Advanced Lane Finding

In this repository I describe my approach to write a software pipeline that identifies the lane of the road in front of a car in a video file. The precise requirements of this project are:

Compute the camera calibration matrix and distortion coefficients given a set of chessboard images.
Apply a distortion correction to raw images.
Use color transforms, gradients, etc., to create a thresholded binary image.
Apply a perspective transform to rectify binary image ("birds-eye view").
Detect lane pixels and fit to find the lane boundary.
Determine the curvature of the lane and vehicle position with respect to center.
Warp the detected lane boundaries back onto the original image.
Output visual display of the lane boundaries and numerical estimation of lane curvature and vehicle position.

In the following writeup I describe how I managed to solve the requirements.

Code description

This overview describes the project structure and modules:

packages/camera_calibration.py containing a class for camera calibration
packages/image_color_transform.py containing a class that serves as small wrapper for OpenCV cvtColor function
packages/image_transform.py class PerspectiveTransform for perspective transformations (create, load, save)
packages/image_gradient.py.py class Gradient for computing edge-images and meta images like magnitude and direction of gradients
packages/image_preprocessing.py.py class LaneDetectorPreprocessor for creating the binary mask of lane pixels
packages/lane_detection.py class LaneDetector for detection and filtering of the lane polynomials
main.py the main pipeline putting it all together

Compute the camera calibration matrix

To correctly identifiy objects and compute their properties with respect to real world coordinates, it is necessary to note, that most cameras show a distortion in their optical projections.
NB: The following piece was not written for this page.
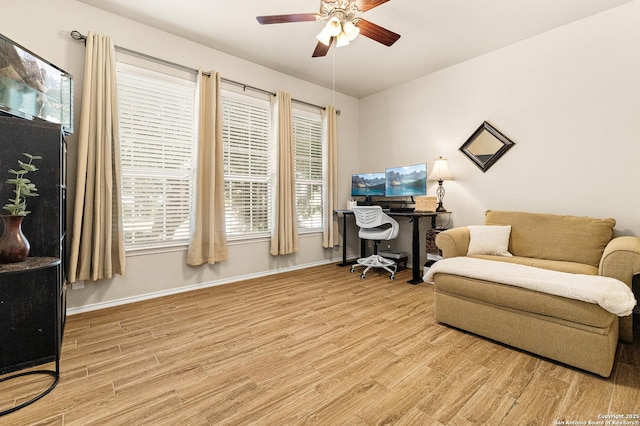 435 Red Quill Nest, San Antonio, TX 78253 - office with a ceiling fan and wood finished floors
These distortions are often seen as barrel or pincushion (both are radial) distortions and modify the shape of objects, so that precise detections are made difficult.
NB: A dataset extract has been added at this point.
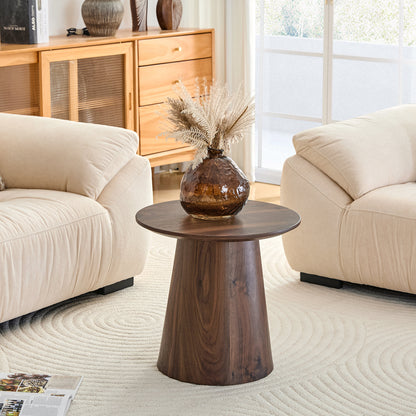 Walnut wood grain medium density fiberboard circular coffee table - diameter 19.6 inches, height 18.8 inches walnut wood grain veneer, flexible adaptation to circular tabletop.W2920P404128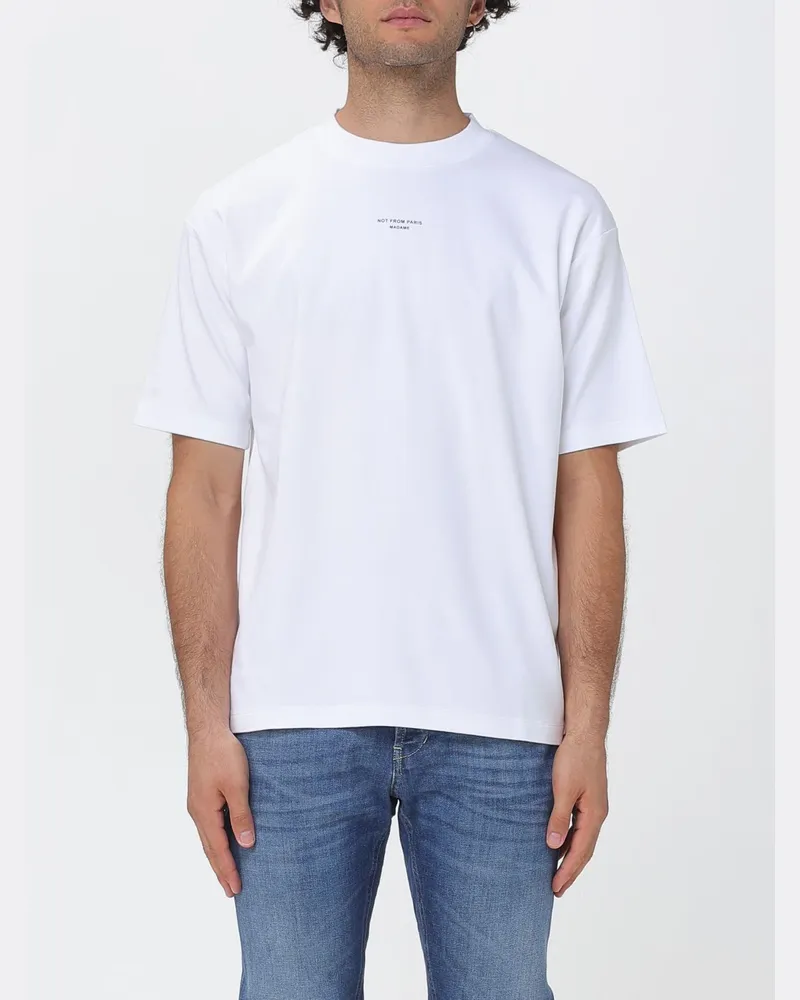 Drôle de Monsieur Baumwoll-T-Shirt mit kontrastierendem Logo und überschnittenen Schultern Weiß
The solution is to compute a camera calibration matrix and the distortion coefficients to undistort the images of the video frame by frame. To do this, there is a helpfull pipeline described in the Udacity Camera Calibration Repositoy that I forked.
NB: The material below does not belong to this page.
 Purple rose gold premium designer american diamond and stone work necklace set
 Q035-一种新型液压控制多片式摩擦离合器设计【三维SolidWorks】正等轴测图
For computing the camera matrix and distortion coefficients, OpenCV offers some very easy to use functions. The rough pipeline for this is to:

Print out a chessboard pattern and to fixate it on a plane. For this pattern, the real world coordinates are known, so the relation between the image points (camera projection) and real world points can be done.
Make some images of the chessboard from different angles, distances and in different imageparts with the camera, that should be calibrated.
Load every image and detect the chessboard pattern with the OpenCV function findChessboardCorners(). If the chessboard was correctly detected, one can visualize them with drawChessboardCorners():
Collect all point correspondences of a synthetic grid of 3D points (with Z = 0 because the chessboard is a plane) that represent the chessboard corners in the real world, and the detected chessboard corners in every image.
With the help of the OpenCV function calibrateCamera() the necessary matrix and distortion coefficients are computed.
Finally the function undistort uses them to undistort an image. The following image visualizes the impact of radial camera distortion and the output of the undistorted image:

Apply a distortion correction to raw images

Using the computed camera calibration matrix and distortion coefficients, the image processing pipeline of this projects start with undistorting every image, before any other image process routines begin:

To better visualize the difference between these two images, the following shows the absolute difference image of original and undistorted frame:

To implement this step, I created the CameraCalibration class in packages\camera_calibration.py. It uses the described OpenCV functions to compute and apply the camera matrix and distortion coefficients.

Apply a perspective transform for "birds-eye view"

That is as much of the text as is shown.